Wednesday, July 9, 2014

J.C. Ryle on the Christian's View of Christ

"I am afraid that many who profess Christ in our day have lost sight of our Lord's person.  They talk more about salvation than about their only Savior, and more about redemption than the one true Redeemer, and more about Christ's work than Christ Himself.  This is a great fault, one that accounts for the dry and shriveled spirit that infuses the religious lives of many who profess faith.

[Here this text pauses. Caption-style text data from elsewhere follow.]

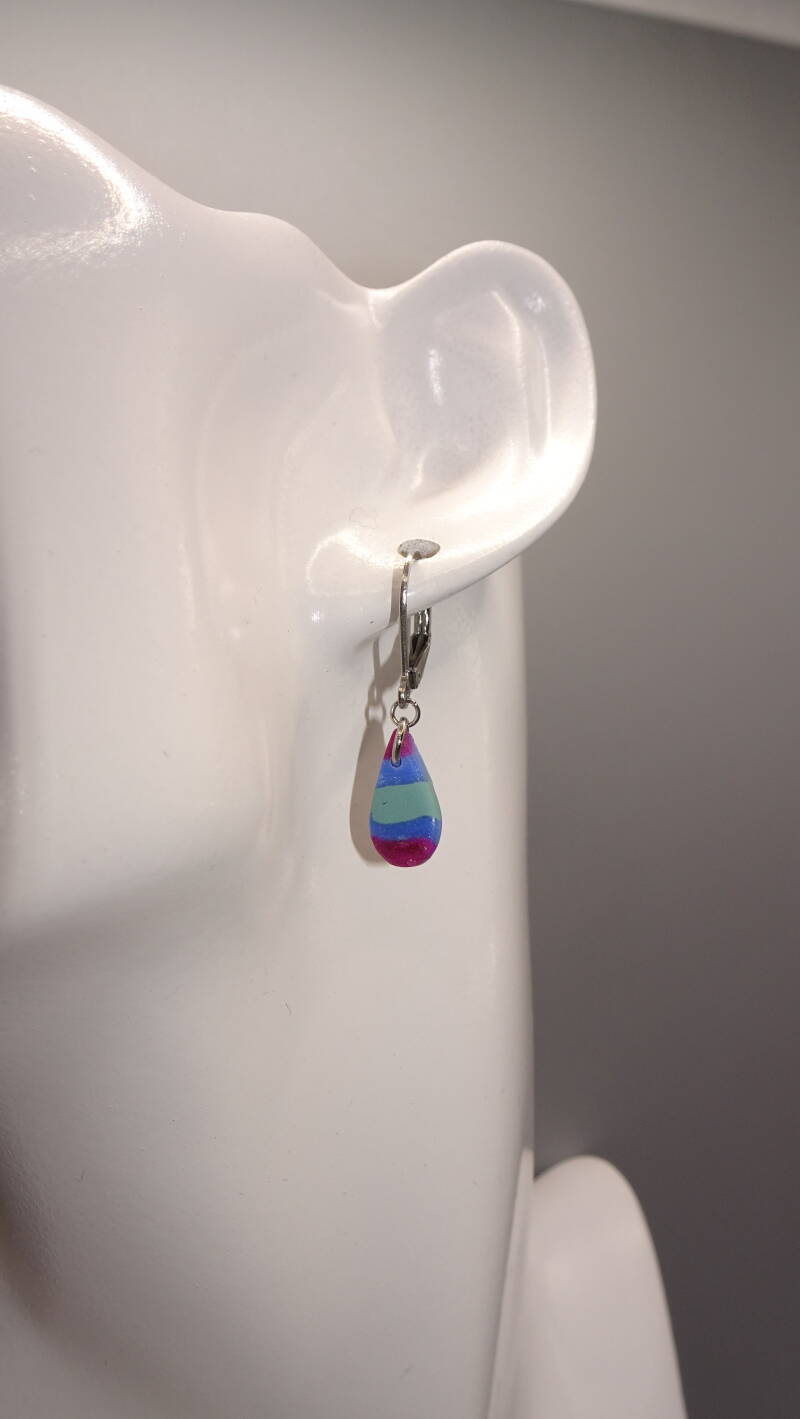 Tehotu Earrings - Bora Bora Collection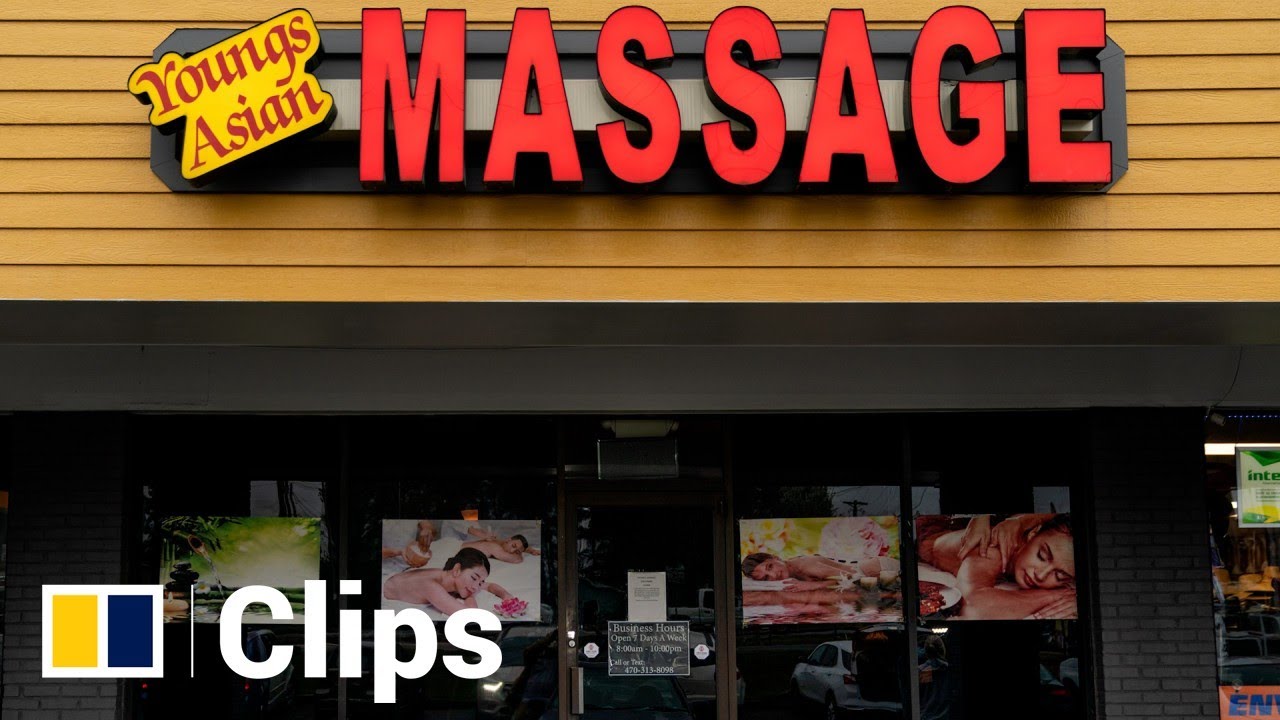 ashley chinn recommends Asian Massage Parlor Clips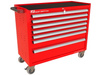 Wózek warsztatowy TRUCK z 7 szufladami PT-219
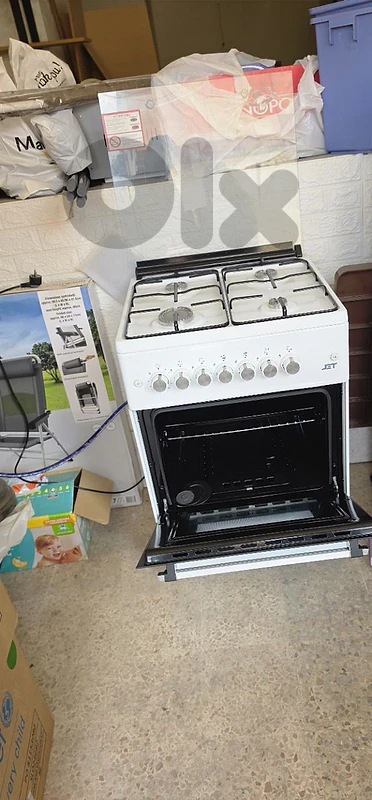 kitchen oven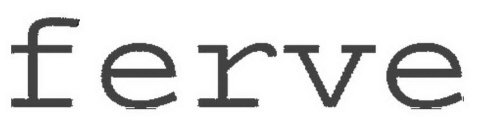 FERVE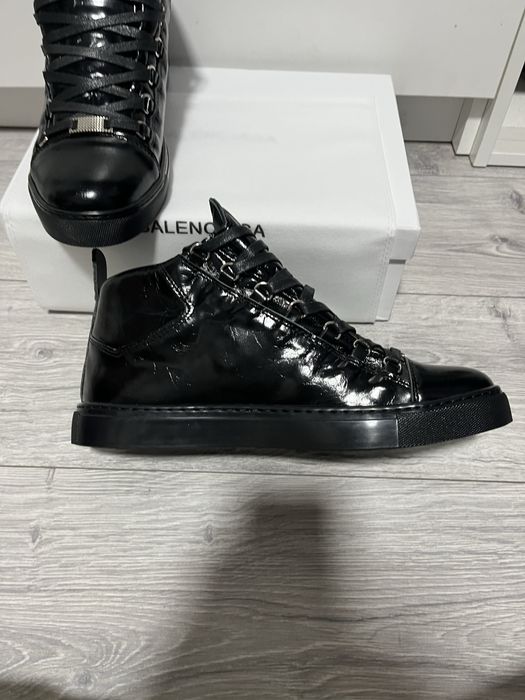 Balenciaga Arena Black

"As ever you would grow in grace, and have joy and peace in believing, beware of falling into this error.  Cease to regard the Gospel as a mere collection of dry doctrines.  Look at it rather as the revelation of a mighty living Being in whose sight you are daily to live.  Cease to regard it as a mere set of abstract propositions and [hard to understand] principles and rules.  Look at it as the introduction to a glorious personal Friend.  This is the kind of Gospel that the apostles preached.  They did not go about the world telling men of love and mercy and pardon in the abstract.  The leading subject of all their sermons was the loving heart of an actual living Christ.  This is the kind of Gospel which is most calculated to promote sanctification and fitness for glory.  Nothing, surely, is so likely to prepare us for that heaven where Christ's personal presence will be all, and that glory where we shall meet Christ face to face, as to realize communion with Christ, as an actual living Person here on earth.  There is all the difference in the world between and idea and a person."